Searching for a whole word that contains leading or trailing special characters like - and = using regex in python


I am trying to know a position of a string (word) in a sentence. I am using the function below. This function is working perfectly for most of the words but for this string GLC-SX-MM= in the sentence I have a lot of GLC-SX-MM= in my inventory list there is no way to get the match. I tryied scaping - and = but not works. Any idea?

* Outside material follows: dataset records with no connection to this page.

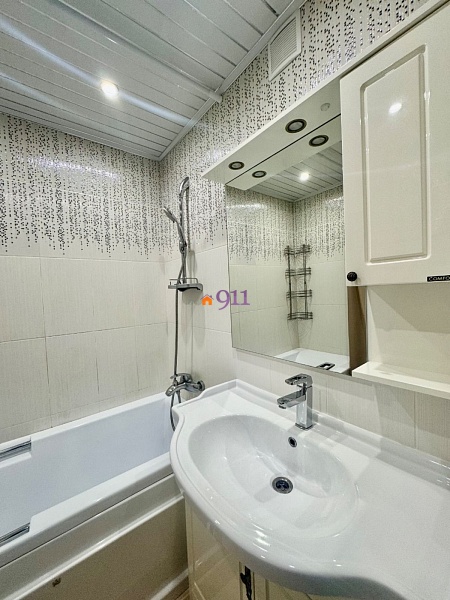3-к квартира, 75 кв.м.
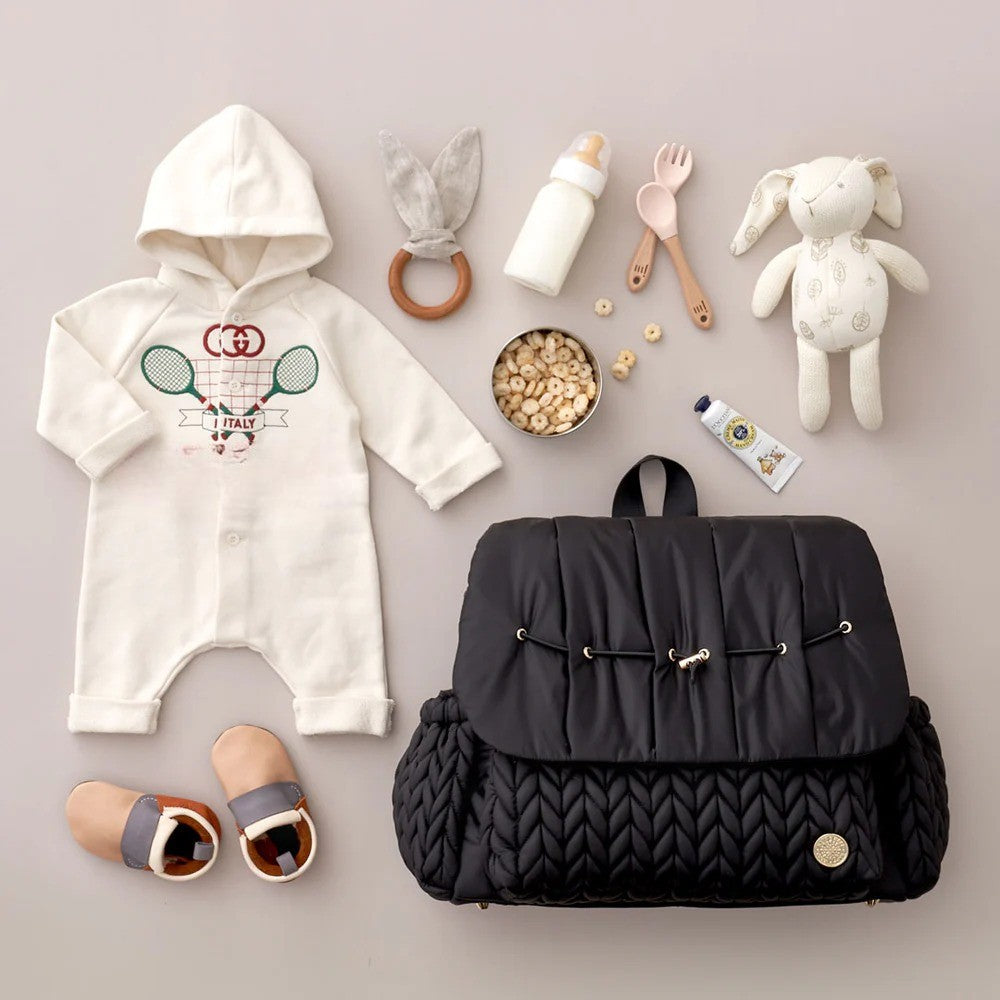 Levy Backpack Diaper Bag-Diaper Reusable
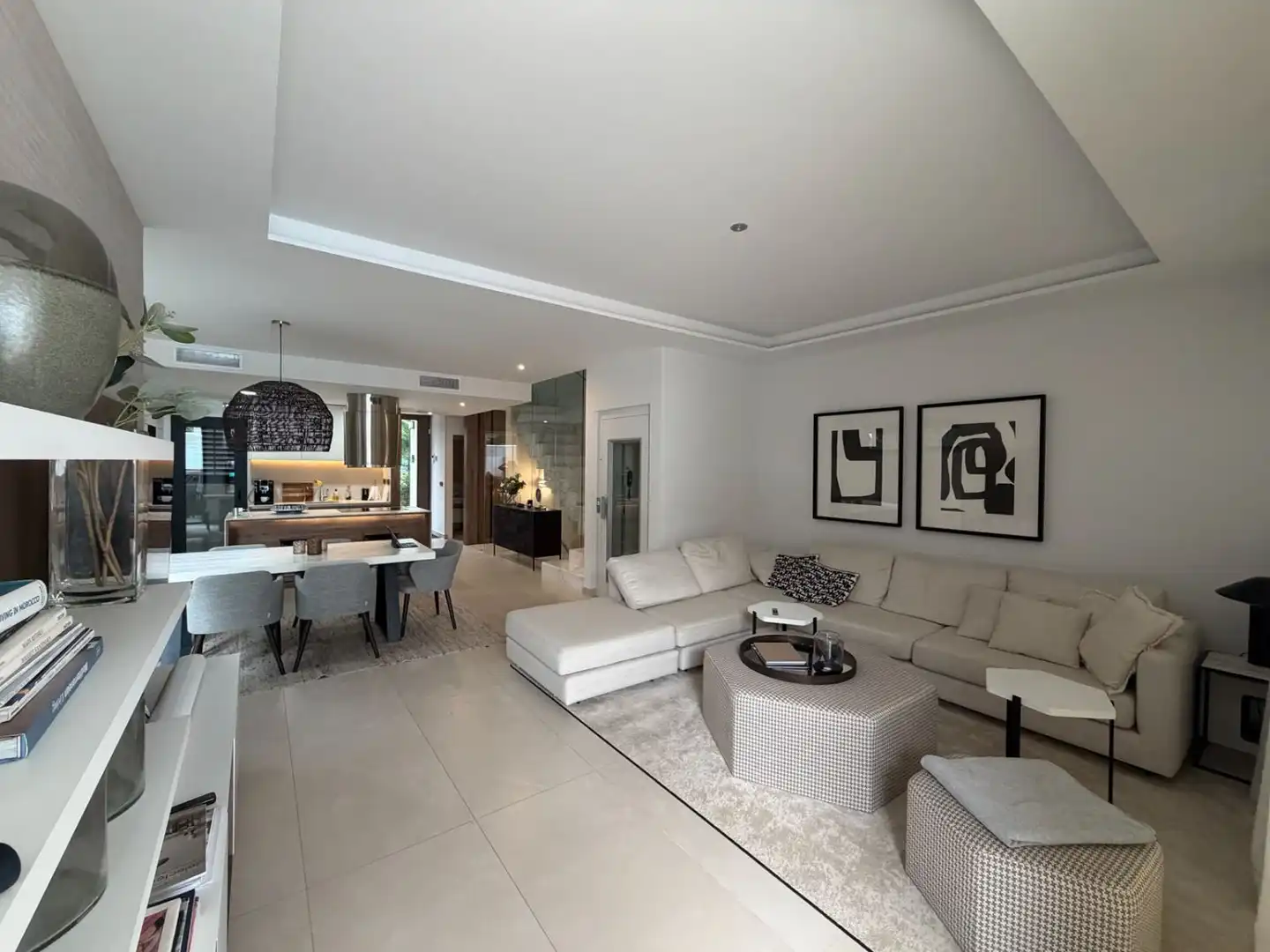 Piso de 252 m² en Marbella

I cannot split the sentence using spaces because sometimes I have composed words separated by space.

import re 

def get_start_end(self, sentence, key):
        r = re.compile(r'\b(%s)\b' % key, re.I)
        m = r.search(question)
        start = m.start()
        end = m.end()
        return start, end

Solution

  • You need to escape the key when looking for a literal string, and make sure to use unambiguous (?<!\w) and (?!\w) boundaries:

    import re 
    
    def get_start_end(self, sentence, key):
        r = re.compile(r'(?<!\w){}(?!\w)'.format(re.escape(key)), re.I)
        m = r.search(question)
        start = m.start()
        end = m.end()
        return start, end
    

    The r'(?<!\w){}(?!\w)'.format(re.escape(key)) will build a regex like (?<!\w)abc\.def\=(?!\w) out of abc.def= keyword, and (?<!\w) will fail any match if there is a word char immediately to the left of the keyword and (?!\w) will fail any match if there is a word char immediately to the right of the keyword.